Une manifestation moins importante a eu lieu dans la capitale saoudienne de Riyad dimanche, pour exiger la relaxe des prisonniers politiques. Selon la BBC, la police anti-émeutes saoudienne a dispersé la manifestation et arrêté 12 manifestants. En réaction aux soulèvements dans tout le Moyen-Orient et en Afrique du Nord, la monarchie saoudienne a créé 60 000 postes supplémentaires dans ses forces de sécurité déjà démesurées, tout en essayant d'acheter l'adhésion de ses administrés en leur accordant une augmentation des allocations et du salaire minimum.
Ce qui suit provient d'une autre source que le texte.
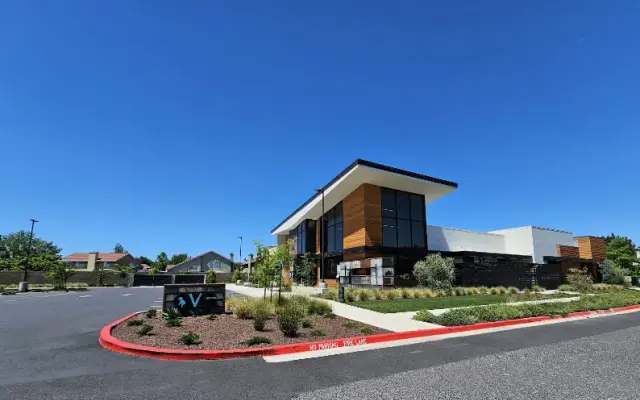 Oakdale Veterinary Group in Oakdale, CA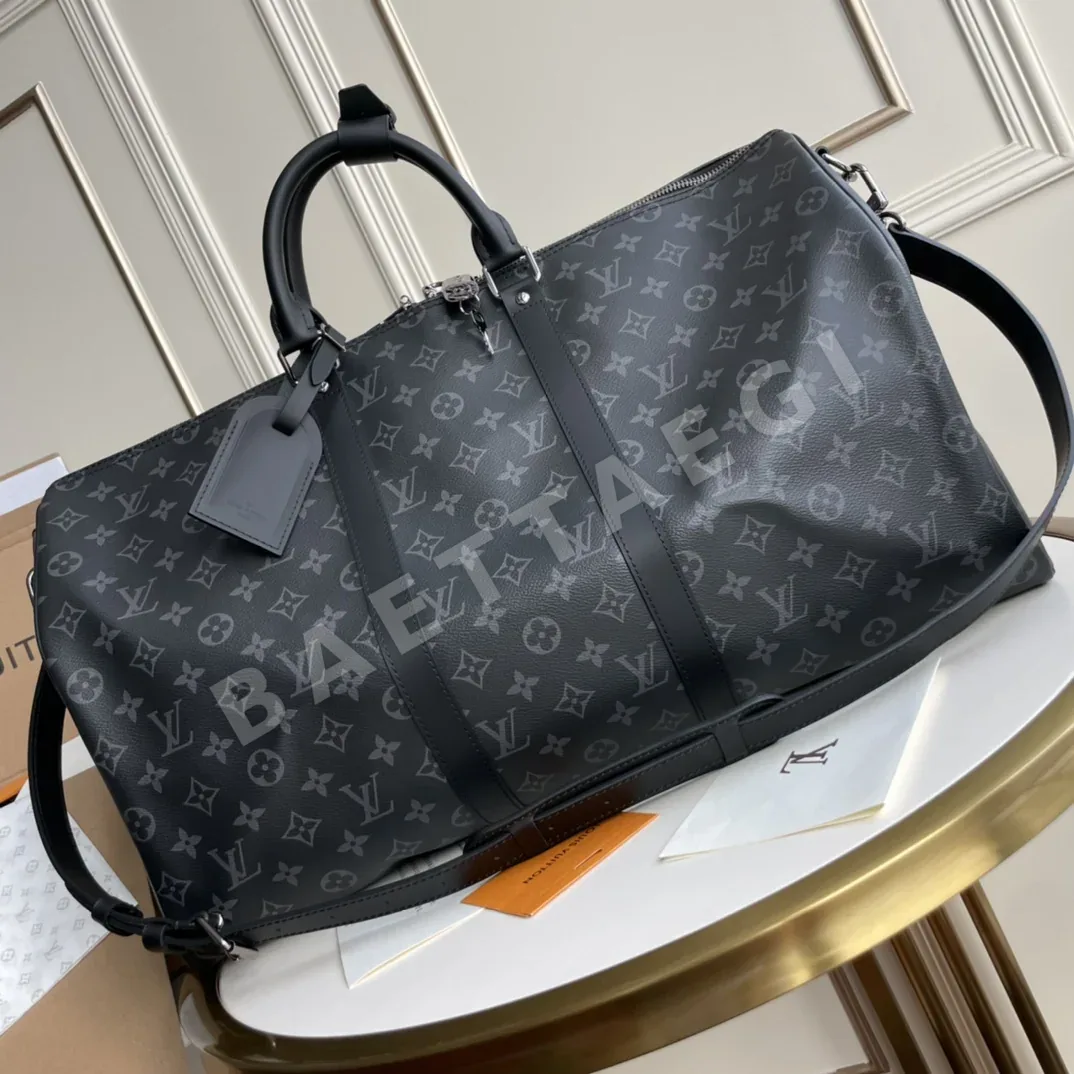 루이비통 킵올 블랙 화이트 모노그램 여행가방 M40565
Les manifestations de masse continuent au Yémen où des milliers de membres des tribus ont rejoint les travailleurs et les jeunes dans la capitale, Sanaa, pour demander le départ du président, Ali Abdullah Saleh.

Les forces de sécurité de Saleh et les voyous qui défendent le régime ont tué 52 personnes pendant les manifestations de la semaine dernière. Les forces de répression qui avaient ciblé un large sit-in près de l'université de Sanaa, n'ont pas réussi à étouffer la protestation. Des foules estimées à plus de 100 000 personnes se sont rassemblées près de l'université de vendredi à dimanche en continuant de demander la démission de Saleh et une amélioration de leur niveau de vie.

Devant la menace de guerre civile et voyant que, en dehors de la capitale, il perdait son autorité sur le pays, Saleh a essayé de faire des concessions à l'opposition. Le président qui est au pouvoir depuis 32 ans a renvoyé tout son gouvernement dimanche. Cependant tous les ministres "renvoyés" doivent rester à leur poste jusqu'à ce qu'un nouveau cabinet soit formé, selon le porte-parole du président Tareq al-Shami. Le procureur général du Yémen a aussi annoncé qu'une enquête complète sur le meurtre des manifestants serait diligentée.

Ces annonces ne tromperont personne. Les travailleurs yéménites savent que la manière de fonctionner de Saleh est la répression brutale des opposants et aucun remaniement du régime n'apaisera leur colère.

Le Yémen est le pays arabe le plus pauvre, 40% de sa population survit avec moins de 2 dollars par jour. Le chômage est estimé à 35% de la population active. Le chiffre est encore plus élevé chez les jeunes travailleurs et les diplômés, plus de la moitié des jeunes entre 18 et 28 ans seraient sans emploi.